Cryptic: Star Trek Online is delayed by two weeks because Cryptic still have a lot of work to do before it is “ready”. The game will be released, lacking a core function or two, which will have its players up in arms for a while. Balance between players and mobs will be an issue, especially in space, just like a lack of content. Cryptic will have learned some lessons from CO, and the uproar won’t be as gigantic this time around – except amongst Trekkers, who will constantly complain about the game not being Star Treky enough on the official forums. Forums you can only post on if you, ya’know, still subscribe to the game…

NCsoft: NCsoft will remind everyone that marketing is marketing.

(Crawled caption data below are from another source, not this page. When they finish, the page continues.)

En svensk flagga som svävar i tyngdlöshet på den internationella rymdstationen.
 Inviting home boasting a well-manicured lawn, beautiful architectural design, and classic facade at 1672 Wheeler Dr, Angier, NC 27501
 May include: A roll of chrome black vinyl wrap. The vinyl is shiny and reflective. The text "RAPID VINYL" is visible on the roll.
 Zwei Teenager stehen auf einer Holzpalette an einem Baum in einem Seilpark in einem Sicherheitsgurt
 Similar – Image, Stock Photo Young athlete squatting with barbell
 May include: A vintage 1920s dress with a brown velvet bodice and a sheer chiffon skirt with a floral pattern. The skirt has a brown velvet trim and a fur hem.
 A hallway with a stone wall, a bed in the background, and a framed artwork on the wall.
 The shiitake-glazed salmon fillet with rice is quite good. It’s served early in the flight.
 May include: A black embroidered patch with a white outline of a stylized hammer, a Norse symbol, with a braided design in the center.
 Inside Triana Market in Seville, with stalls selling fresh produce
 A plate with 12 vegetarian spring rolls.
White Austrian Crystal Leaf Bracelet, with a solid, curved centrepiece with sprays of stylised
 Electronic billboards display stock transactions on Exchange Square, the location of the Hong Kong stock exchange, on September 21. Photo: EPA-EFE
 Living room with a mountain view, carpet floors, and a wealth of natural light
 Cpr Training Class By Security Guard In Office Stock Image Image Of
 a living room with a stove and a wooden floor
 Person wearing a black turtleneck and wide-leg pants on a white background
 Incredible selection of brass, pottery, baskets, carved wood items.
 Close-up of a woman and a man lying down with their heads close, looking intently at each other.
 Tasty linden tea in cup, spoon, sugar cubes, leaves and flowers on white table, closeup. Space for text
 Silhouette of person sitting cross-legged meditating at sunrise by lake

Aion will get some new features, but no housing in sight. Around E3, the company will announce the game’s first expansion pack, which they promise will bring the graphical updates shown in Aion Vision. It will not be released in 2010. At Gamescom, NCsoft will talk about expanding Aion and show some new videos from Guild Wars 2, perhaps force a shy Korean producer to talk about Soul and Blade. No real hands on with GW2, though.

Pic unrelated.

In December, millions of emo Jedis will invade the Internet.

Bioware: The Old Republic goes into closed beta towards the end of the summer, with release set in November/December. After all, EA need their money. The game will be praised for its storyline content, with some players burning through it in a matter of weeks so they can troll the official forums about the lack of end-game content. There will be an actual lack of end-game content. The game will show us that “full voice overs” is a relative term. There will, of course, not be any space content. Seriously, you expected actual space content? We will all be playing it.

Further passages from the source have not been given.